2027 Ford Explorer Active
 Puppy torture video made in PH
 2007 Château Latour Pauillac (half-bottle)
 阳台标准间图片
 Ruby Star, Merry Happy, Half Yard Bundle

┄┄┄┄┄┄┄┄┄┄┄┄┄┄┄┄┄┄┄┄

ASSIGNMENT:
The answer must be the line containing "2007 Château Latour Pauillac (half-bottle)" and every line after it through the last line of the records above, repeated exactly.

THE COMPLETED TASK:
 2007 Château Latour Pauillac (half-bottle)
 阳台标准间图片
 Ruby Star, Merry Happy, Half Yard Bundle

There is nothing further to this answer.